Motto: Man weiß noch zu wenig, aber es könnte sehr schlimm werden.
Zudem fand
er noch Zeit, mich ein wenig zu denunzieren:
„Apropos Gerhard
Riedl zieht (mal wieder) unsere Diskussion durch den Kakao und vergleicht Äpfel-
mit Birnenrisiken.“
Kommt dort
ja stets gut an. So schrieb umgehend Friedhelm
Markus:
„Unerträglich verbalexhibitionistisch und
unseriös!“
Tja,
so bewertet man stramm-zackig mit ganzen vier Wörtern einen Artikel, der es immerhin
auf über 800 Wörter bringt…
Und
eine gewisse Stefanie Ecke, nach
meinen Recherchen Hamburger Rechtsanwältin (Spezialität: Medizinrecht) urteilte,
auch mit Blick auf meine Lebenserwartung:
„Oft finde ich Herrn
Riedls Posts durchaus lesenswert, aber dieser Eintrag ist für mich nur
polemischer ‚die-Realität-richtet-sich-nach-meinen-Vorstellungen-und-schlauer-als-das-RKI-bin-ich-auch-noch!-Quatsch‘.
Da ist jemandem wohl ein Apfel auf die Birne gefallen...?
Aber letztlich ist das auch egal, reden hilft nicht gegen Viren und gegen Meinungen älterer Herren sind sie ohnehin immun. Ganz anders als im umgekehrten Fall...“
Aber letztlich ist das auch egal, reden hilft nicht gegen Viren und gegen Meinungen älterer Herren sind sie ohnehin immun. Ganz anders als im umgekehrten Fall...“
Nach
mehreren vergeblichen Versuchen ist es mir gerade gelungen, von ihr sogar eine Einlassung zur Sache zu erhalten:
„Gerhard Riedl, können, wollen oder
mögen Sie nicht verstehen, dass Tango eine virenrelevante Nähe voraussetzt, die
über Alltagskontakt hinausgeht? Nein, wir sind nicht in Italien, dennoch wurde
dort im Turiner Raum bereits normaler Tangounterricht behördlich mituntersagt.
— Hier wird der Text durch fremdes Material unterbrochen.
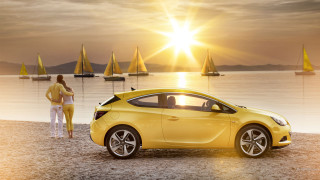 Woman yellow car beach sunset - sailboat free wallpaper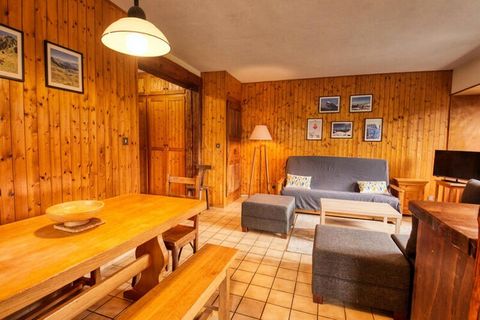 Appartamento al piano terra situato in uno chalet composto da 5 appartamenti. Vicino alla cabinovia VERCLAND! Questo gradevole appartamento per 6 persone, situato al piano terra di uno chalet composto da 5 appartamenti, vi permetterà di trascorrere p...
Nein, keine Massen-, sondern eher eine Wohnzimmerveranstaltung. Vermutlich
nicht ganz ohne Grund? Wäre ganz Deutschland tangoinvolviert, würde auch die
Risikoeinschätzung mit Sicherheit anders aussehen. Zumal wir uns im
Pandemiebeginn bewegen. Aber nichts für ungut und au revoir!“
Nein, lieber
nicht – ich habe die Dame inzwischen auf Facebook gesperrt, da wir uns über
gewisse Höflichkeits-Normen nicht
einig werden.
Vor allem
aber habe ich nie bestritten, dass es bei der Nähe im Tango ein gesteigertes
Infektionsrisiko gibt. So schrieb ich auf meiner FB-Seite schon längst
vorher (und von der Dame natürlich unkommentiert):
„Ja, sicher bieten enge Interaktionen wie Tanzen ein
höheres Infektionsrisiko – worauf ich halt hinweisen wollte: Auch für Influenza
und andere ansteckende Erkrankungen, mit denen wir uns aber anscheinend ganz
locker abgefunden haben und in gewissen Kreisen das Aneinanderpappen geradezu
als Pflichtübung propagieren. (…)
Die Freisetzung von
Glückshormonen stabilisiert das Abwehrsystem, Angst hingegen fährt es herunter.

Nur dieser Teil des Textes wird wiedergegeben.